That's still 4 times more than I have spent on my last 12 cars with exception of one crazy nice Audi I had that ran me 7500 lol. And I regret spending that much on a car, despite loving the 400hp fire breathing V8 under the hood. I honestly mainly drive motorcycles, which has been the cheapest way for me to reduce my carbon footprint. I get over 50 mpg on my cruiser and near 80 on my dual sport, and both my motorcycles + my Subaru + my jeep all cost less than one POS chevy bolt LOL. I understand I'm a special case because I work on my vehicles so it's very cheap for me to own a beater, if I didnt have the ability to make all my own repairs and have shop cost on parts and stuff i might consider an EV more strongly but its just way too expensive for now even factoring in what i spend on fuel and repairs.

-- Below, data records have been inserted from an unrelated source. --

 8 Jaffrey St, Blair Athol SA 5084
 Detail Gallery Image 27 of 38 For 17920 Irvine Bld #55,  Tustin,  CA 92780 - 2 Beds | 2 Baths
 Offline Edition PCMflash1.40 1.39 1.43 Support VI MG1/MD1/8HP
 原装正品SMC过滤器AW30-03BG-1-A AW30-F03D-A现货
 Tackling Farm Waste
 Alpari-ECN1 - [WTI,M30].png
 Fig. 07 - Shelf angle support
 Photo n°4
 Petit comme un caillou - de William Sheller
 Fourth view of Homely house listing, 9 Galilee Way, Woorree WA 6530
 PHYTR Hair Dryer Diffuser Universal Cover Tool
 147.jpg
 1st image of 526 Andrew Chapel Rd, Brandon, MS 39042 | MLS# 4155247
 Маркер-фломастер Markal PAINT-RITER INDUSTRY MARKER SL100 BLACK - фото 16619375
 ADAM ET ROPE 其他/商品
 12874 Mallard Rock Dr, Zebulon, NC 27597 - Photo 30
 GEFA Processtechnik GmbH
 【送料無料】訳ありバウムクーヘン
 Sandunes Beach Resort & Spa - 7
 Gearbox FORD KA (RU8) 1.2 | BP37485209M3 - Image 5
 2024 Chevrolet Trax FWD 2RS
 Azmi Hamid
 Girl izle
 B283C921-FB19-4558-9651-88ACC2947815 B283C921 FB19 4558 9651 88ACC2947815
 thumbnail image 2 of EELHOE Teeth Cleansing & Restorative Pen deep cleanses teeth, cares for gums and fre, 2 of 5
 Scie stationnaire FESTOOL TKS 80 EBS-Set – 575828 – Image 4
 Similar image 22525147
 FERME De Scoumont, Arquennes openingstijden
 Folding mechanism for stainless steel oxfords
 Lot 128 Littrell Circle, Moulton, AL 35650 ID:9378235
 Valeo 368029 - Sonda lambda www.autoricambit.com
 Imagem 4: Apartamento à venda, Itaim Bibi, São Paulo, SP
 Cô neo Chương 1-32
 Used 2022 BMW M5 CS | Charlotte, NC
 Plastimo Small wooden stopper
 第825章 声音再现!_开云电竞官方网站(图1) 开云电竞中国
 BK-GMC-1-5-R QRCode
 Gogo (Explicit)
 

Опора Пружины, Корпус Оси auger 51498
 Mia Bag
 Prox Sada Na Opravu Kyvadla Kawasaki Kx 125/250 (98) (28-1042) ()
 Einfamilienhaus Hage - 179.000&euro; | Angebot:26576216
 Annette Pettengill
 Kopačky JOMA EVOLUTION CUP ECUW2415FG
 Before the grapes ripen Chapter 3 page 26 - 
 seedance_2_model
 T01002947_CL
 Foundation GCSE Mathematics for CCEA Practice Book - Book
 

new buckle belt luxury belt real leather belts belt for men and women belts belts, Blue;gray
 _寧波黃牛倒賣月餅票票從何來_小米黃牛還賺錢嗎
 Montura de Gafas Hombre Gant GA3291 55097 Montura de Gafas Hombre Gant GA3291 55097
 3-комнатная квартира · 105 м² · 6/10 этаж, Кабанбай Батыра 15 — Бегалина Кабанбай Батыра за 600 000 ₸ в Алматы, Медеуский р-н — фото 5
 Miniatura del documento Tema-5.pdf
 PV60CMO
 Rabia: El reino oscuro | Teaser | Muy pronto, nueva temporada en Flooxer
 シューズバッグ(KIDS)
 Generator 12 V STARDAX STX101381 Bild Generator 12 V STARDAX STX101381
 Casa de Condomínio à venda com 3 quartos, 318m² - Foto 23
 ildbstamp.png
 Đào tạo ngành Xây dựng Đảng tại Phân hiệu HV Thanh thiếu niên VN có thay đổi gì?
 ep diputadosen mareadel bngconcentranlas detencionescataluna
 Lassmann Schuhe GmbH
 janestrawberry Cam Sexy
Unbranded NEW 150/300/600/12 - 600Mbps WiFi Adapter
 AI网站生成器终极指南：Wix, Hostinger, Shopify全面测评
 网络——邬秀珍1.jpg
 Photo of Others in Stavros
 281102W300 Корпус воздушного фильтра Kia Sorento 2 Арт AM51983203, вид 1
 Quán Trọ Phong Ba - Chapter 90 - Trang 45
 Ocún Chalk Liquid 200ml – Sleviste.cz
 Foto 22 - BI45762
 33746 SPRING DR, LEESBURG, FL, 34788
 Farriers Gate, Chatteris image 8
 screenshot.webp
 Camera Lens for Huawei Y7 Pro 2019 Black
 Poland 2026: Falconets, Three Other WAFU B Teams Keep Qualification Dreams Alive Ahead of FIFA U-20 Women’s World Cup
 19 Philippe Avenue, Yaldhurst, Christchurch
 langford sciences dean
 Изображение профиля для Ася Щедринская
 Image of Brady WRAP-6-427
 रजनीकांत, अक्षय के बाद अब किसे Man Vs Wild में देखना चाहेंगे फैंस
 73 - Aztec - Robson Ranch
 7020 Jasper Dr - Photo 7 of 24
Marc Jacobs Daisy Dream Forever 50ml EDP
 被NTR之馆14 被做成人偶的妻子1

[–] AA5B@lemmy.world 2 points 7 hours ago* (last edited 7 hours ago) (1 children)

Seems like EV incentives would be a great help for a purchaser like you. As long as EVs are a niche product for the motivated few, there won’t be much of as used market. The fastest way to develop a healthy used market is higher growth for new cars, then wait a few years. Incentives goose the market for new, but also lay the groundwork for a larger used car market in a few years

[–] innermachine@lemmy.world 1 points 5 hours ago (1 children)

I suppose ur right about that. Of all the things for me to complain about my tax money going to, EV incentives should be pretty low on the list lol.

[–] AA5B@lemmy.world 1 points 2 hours ago

Our tax money goes toward an almost infinite number of places and no one agrees with all of them, but speeding up the transition to a modern economy based on renewable energy, bringing both existing companies and customers along, should be a positive thing for most people.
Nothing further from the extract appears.